I vescovi dell'Ecuador difendono la libertà di parola della Chiesa
I vescovi dell’Ecuador ribadiscono, in una nuova Dichiarazione, il diritto della Chiesa
di annunciare con libertà il messaggio evangelico. Di fronte alle polemiche suscitate
dalle parole pronunciate a Quito, durante il Congresso Americano Missionario, dal
presidente dell’episcopato ecuadoriano e arcivescovo di Guayaquil, mons. Antonio Arregui
Yarza, i presuli ripropongono il documento della Conferenza episcopale dello scorso
28 luglio: un testo che esprimeva perplessità sulle norme riguardanti il diritto alla
vita, la famiglia e l’educazione, contenute nella nuova Carta costituzionale che sarà
sottoposta a referendum popolare il prossimo 28 settembre. Il servizio di Luis
Badilla.
Le parole
del presidente della Conferenza episcopale hanno provocato, in alcuni settori, aspre
reazioni quasi a voler dire che la Chiesa non ha diritto a pronunciarsi su queste
materie.
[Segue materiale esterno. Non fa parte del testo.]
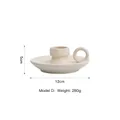 Beige ceramic candle holder with handle, 5cm height and 12cm diameter, minimalist design - Candlestick - Style D / 12x5cm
Nel documento del 14 agosto i vescovi dell’Ecuador, citando il Catechismo
della Chiesa cattolica, ricordano che “è compito della Chiesa annunziare sempre e
dovunque i principi morali anche circa l'ordine sociale, e così pure pronunciare il
giudizio su qualsiasi realtà umana, in quanto lo esigano i diritti fondamentali della
persona umana o la salvezza delle anime” [2032). Lo strumento giuridico “Modus Vivendi”,
firmato tra la Santa Sede e il governo dell’Ecuador, ribadiscono i presuli, chiede
al clero di non prendere parte alla vita dei partiti e non partecipare alla contesa
politica mentre il Protocollo aggiuntivo riconosce “la piena e incontestabile libertà
che ha tutto il clero di predicare, esporre e difendere la dottrina dogmatica e la
morale cattolica” (art. 1 e 4). Perciò – affermano i vescovi - “adempiendo alla nostra
missione continueremo ad annunciare gli orientamenti pastorali contenuti nel documento
del 28 luglio” per illuminare la realtà con la Parola di Dio affinché i cattolici
e le persone di buona volontà, con una buona informazione, votino in coscienza, liberamente
e consapevolmente”. Sebbene nella nuova Costituzione si percepiscano alcuni enunciati
positivi su “la centralità della persona tra i fini della società, dell’economia,
dell’educazione e della salute, con particolare enfasi riguardo alla promozione dei
poveri”, hanno scritto i vescovi ecuadoriani nel documento del 28 luglio, manca invece
“la menzione dei processi per la lotta contro la povertà e la corruzione”. Il
problema maggiore si pone in alcuni enunciati fondamentali come quelli relativi all’aborto,
alla famiglia, all’educazione e alla libertà religiosa. Per questo, i vescovi, nel
ricordare che tali aspetti non sono negoziabili, esigono un atteggiamento chiaro da
parte dei credenti e delle persone di buona volontà e indicano alcuni punti fondamentali
sui quali si basa il loro disaccordo, “sapendo che questo rifiuto è condiviso da più
di 800.000 firme consegnate all’Assemblea Costituente anche dei fratelli cristiani
evangelici e di altri ecuadoriani di buona volontà”. Il primo punto afferma che la
persona umana esiste prima dello Stato, cioè “è lo Stato che è al servizio della persona
e della società e non le persone e la società al servizio dello Stato”, cosa che non
è chiara nella nuova Costituzione. Inoltre, secondo i vescovi, non viene riconosciuto
con chiarezza il diritto alla vita dal momento del concepimento, poiché, “senza menzionare
il termine ‘aborto’, il progetto costituzionale lascia la porta aperta alla soppressione
della nuova creatura nel seno della madre”. Si attenta anche “contro la famiglia come
cellula fondamentale della società e del bene comune”, dato che nella nuova Costituzione
“viene respinta l’esistenza della ‘famiglia tipo’, per sostituirla con diversi ‘tipi
di famiglia’. Di lì si passa ad equiparare alla famiglia l’unione di persone dello
stesso sesso”. Infine il tema dell’educazione, in quanto “il diritto dei genitori
ed il riconoscimento della libertà di insegnamento vengono rifiutati quando lo Stato
si arroga il diritto di determinare quello che deve essere insegnato e ciò che va
ignorato”. In effetti “con l’affermazione che l’educazione è un servizio pubblico
– concludono i vescovi ecuadoriani - si considera l’educazione particolare come una
mera concessione dello Stato e non come un’espressione del diritto dei genitori”.